At the meeting, approximately 12.6 million ordinary shares, or 93% of the votes cast at the meeting (which are neither held by Parent nor its affiliates), voted in favor of the merger proposal.
Attunity has also reported that all of the antitrust approvals and clearances required for the merger have been obtained. Subject to the satisfaction or waiver of the closing conditions set forth in the merger agreement, Attunity expects the merger to be completed during May 2019, following the expiration of a mandatory 30-day waiting period following the shareholder approval in accordance with Israeli law. At the closing of the merger, Attunity shareholders will be entitled to receive US$23.50 per share in cash, without interest and less any applicable withholding taxes, for each ordinary share of Attunity owned immediately prior to the effective time of the acquisition.
Attunity is a leading provider of data integration and big data management software solutions that enable availability, delivery and management of data across heterogeneous enterprise platforms, organizations and the cloud. Attunity’s software solutions include data replication and distribution, test data management, change data capture (CDC), data connectivity, enterprise file replication (EFR), managed file transfer (MFT), data warehouse automation, data usage analytics and cloud data delivery.
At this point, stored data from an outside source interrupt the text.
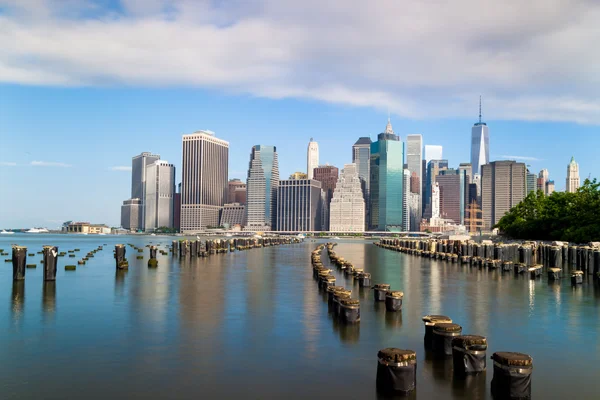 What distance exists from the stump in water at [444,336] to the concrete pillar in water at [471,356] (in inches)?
71.2

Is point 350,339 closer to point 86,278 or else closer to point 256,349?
point 256,349

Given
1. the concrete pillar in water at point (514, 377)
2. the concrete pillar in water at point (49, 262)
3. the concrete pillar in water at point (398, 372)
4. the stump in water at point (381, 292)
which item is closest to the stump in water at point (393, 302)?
the stump in water at point (381, 292)

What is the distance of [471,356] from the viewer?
55.0 ft

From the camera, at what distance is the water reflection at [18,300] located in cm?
2806

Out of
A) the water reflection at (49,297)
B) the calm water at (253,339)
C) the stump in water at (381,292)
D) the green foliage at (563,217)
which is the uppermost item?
the green foliage at (563,217)

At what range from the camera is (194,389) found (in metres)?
15.5

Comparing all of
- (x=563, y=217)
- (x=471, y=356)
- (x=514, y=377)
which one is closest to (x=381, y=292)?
(x=471, y=356)

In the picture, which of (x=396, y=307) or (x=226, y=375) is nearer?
(x=226, y=375)

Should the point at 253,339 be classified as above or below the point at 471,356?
below

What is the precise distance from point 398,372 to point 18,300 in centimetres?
2795

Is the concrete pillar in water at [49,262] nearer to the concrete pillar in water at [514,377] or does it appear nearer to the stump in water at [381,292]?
the stump in water at [381,292]

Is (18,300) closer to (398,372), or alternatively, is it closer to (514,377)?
(398,372)

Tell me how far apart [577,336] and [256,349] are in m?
14.8

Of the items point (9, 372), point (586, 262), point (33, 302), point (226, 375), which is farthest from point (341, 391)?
point (586, 262) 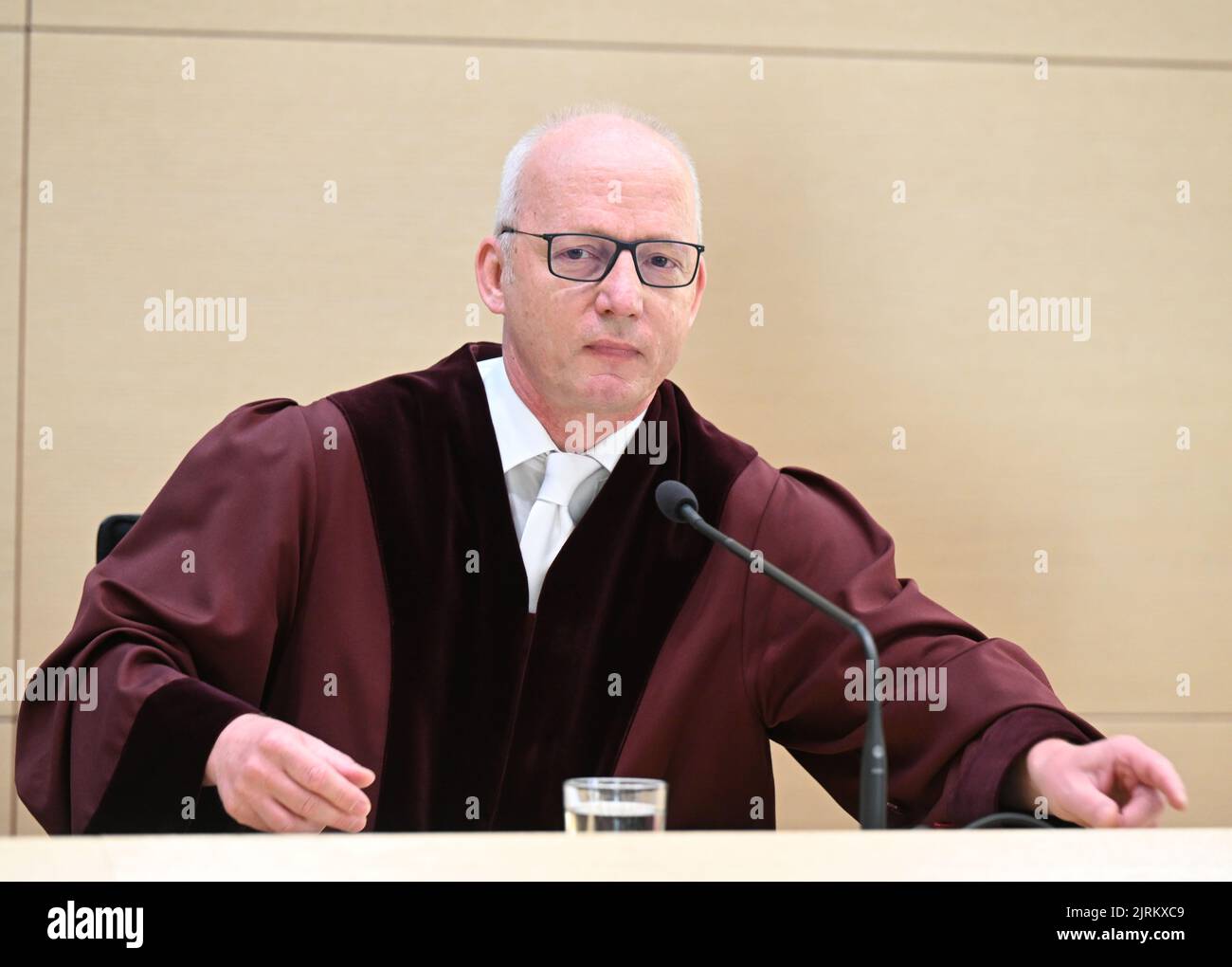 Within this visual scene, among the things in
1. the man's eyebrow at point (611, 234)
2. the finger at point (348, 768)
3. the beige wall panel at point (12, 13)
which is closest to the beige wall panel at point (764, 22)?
the beige wall panel at point (12, 13)

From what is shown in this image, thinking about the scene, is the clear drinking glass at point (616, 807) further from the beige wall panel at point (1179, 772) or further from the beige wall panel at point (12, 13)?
the beige wall panel at point (12, 13)

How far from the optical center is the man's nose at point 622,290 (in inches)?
84.1

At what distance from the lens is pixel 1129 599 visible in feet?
10.3

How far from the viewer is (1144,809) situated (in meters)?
1.48

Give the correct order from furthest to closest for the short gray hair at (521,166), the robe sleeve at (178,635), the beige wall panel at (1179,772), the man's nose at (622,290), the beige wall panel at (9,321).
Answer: the beige wall panel at (1179,772), the beige wall panel at (9,321), the short gray hair at (521,166), the man's nose at (622,290), the robe sleeve at (178,635)

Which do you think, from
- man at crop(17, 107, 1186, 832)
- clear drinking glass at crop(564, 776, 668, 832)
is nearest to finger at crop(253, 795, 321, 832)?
clear drinking glass at crop(564, 776, 668, 832)

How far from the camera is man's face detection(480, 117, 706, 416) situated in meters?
2.16

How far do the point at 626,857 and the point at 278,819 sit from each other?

Attunity has supplied innovative software solutions to its enterprise-class customers for over 20 years and has successful deployments at thousands of organizations worldwide. Attunity provides software directly and indirectly through various partners such as Microsoft, Oracle, IBM and Hewlett Packard Enterprise. Headquartered in Boston, Attunity serves its customers via offices in North America, Europe, and Asia Pacific and through a network of local partners. For more information, visit www.attunity.com or our blog and join our community on Twitter, Facebook, Linkedin and YouTube.
Safe Harbor Statement
This press release contains forward-looking statements within the meaning of the “safe harbor” provisions of the Private Securities Litigation Reform Act of 1995 and other applicable securities laws. Statements preceded by, followed by, or that otherwise include the words “believes”, “expects”, “anticipates”, “intends”, “estimates”, “plans”, and similar expressions or future or conditional verbs such as “will”, “should”, “would”, “may” and “could” are generally forward-looking in nature and not historical facts. Because such statements deal with future events, they are subject to various risks and uncertainties and actual results, expressed or implied by such forward-looking statements, could differ materially from Attunity’s current expectations. Factors that could cause or contribute to such differences include, but are not limited to, risks and uncertainties relating to: uncertainty as to whether the merger will be completed; the occurrence of any event, change or other circumstances that could give rise to the termination of the merger agreement; costs and potential litigation associated with the merger; the failure to satisfy the closing conditions set forth in the merger agreement; risks that the merger disrupts current plans and operations and the potential difficulties in employee retention as a result of the merger; the distraction of management of Attunity resulting from the merger; and the other risk factors discussed from time to time by Attunity in reports filed with, or furnished to, the SEC. Except as otherwise required by law, Attunity undertakes no obligation to publicly release any revisions to these forward-looking statements to reflect events or circumstances after the date hereof or to reflect the occurrence of unanticipated events.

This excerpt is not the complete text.